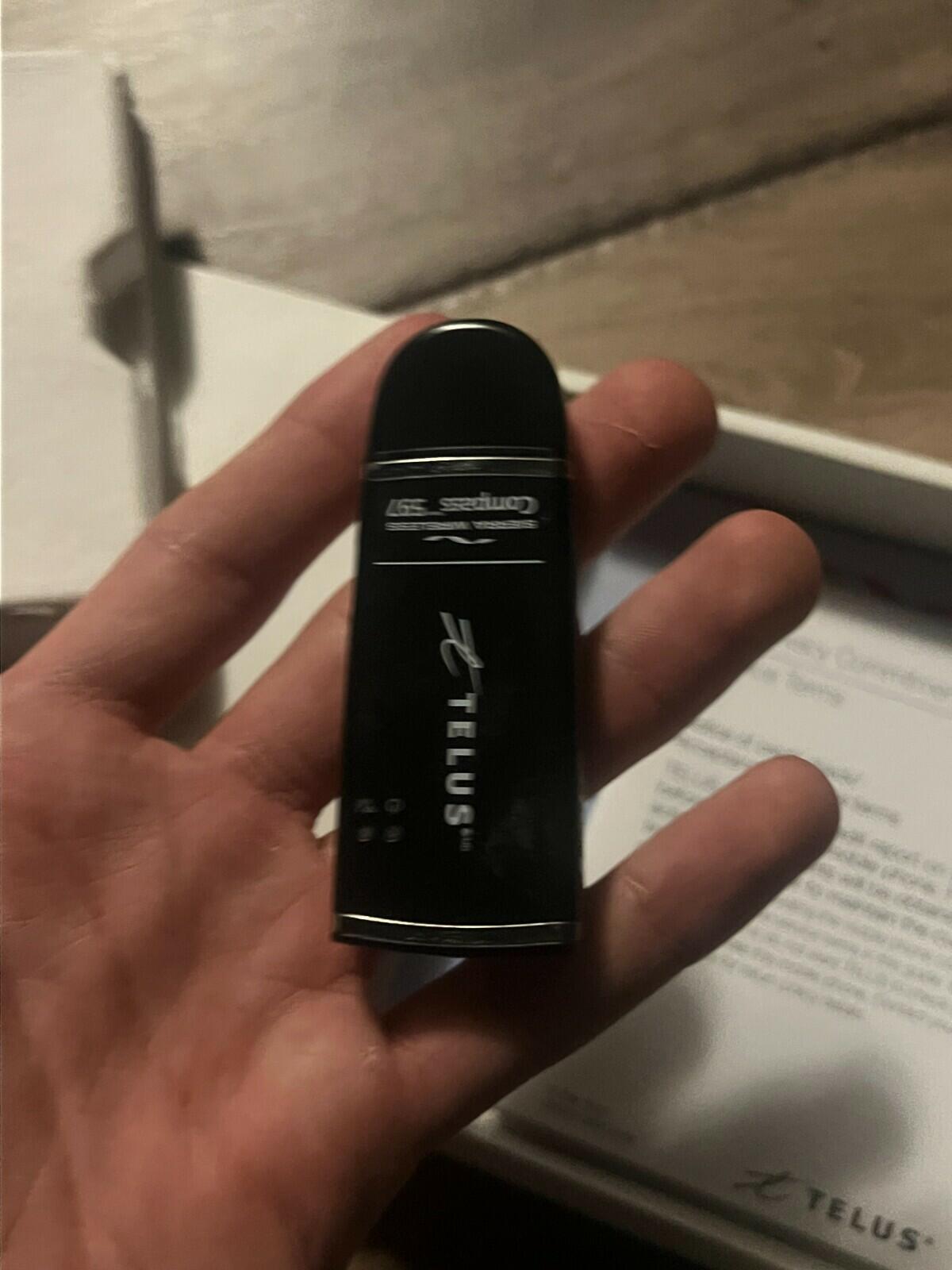 Sierra Wireless Compass 597 Telus USB Modem w/ 7" USB Cable, Pouch, And Box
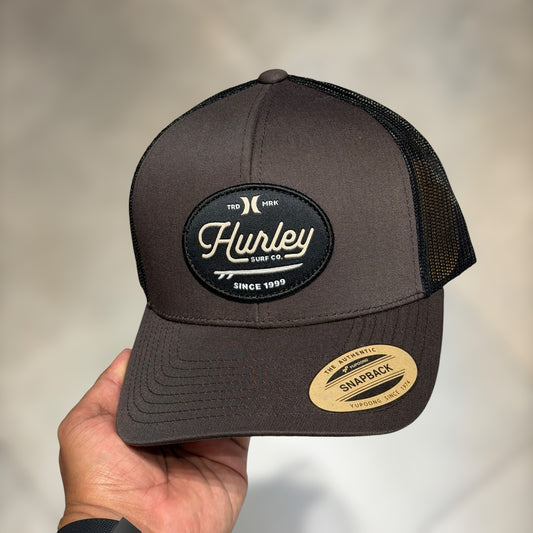 Hurley trucker dark brown cursive font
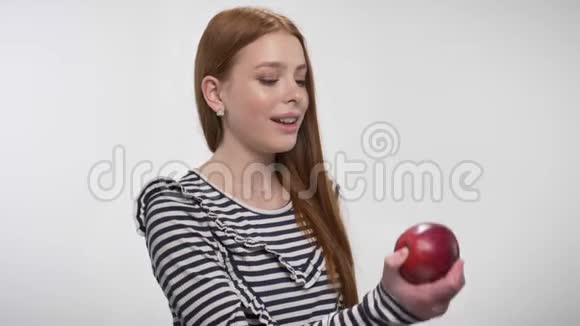年轻的姜姑娘正咬着红苹果享受着它白色的背景视频的预览图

Your instructions
Return each line from the material above exactly, but not the pictures.

Your response
 Sierra Wireless Compass 597 Telus USB Modem w/ 7" USB Cable, Pouch, And Box
 Hurley trucker dark brown cursive font
年轻的姜姑娘正咬着红苹果享受着它白色的背景视频的预览图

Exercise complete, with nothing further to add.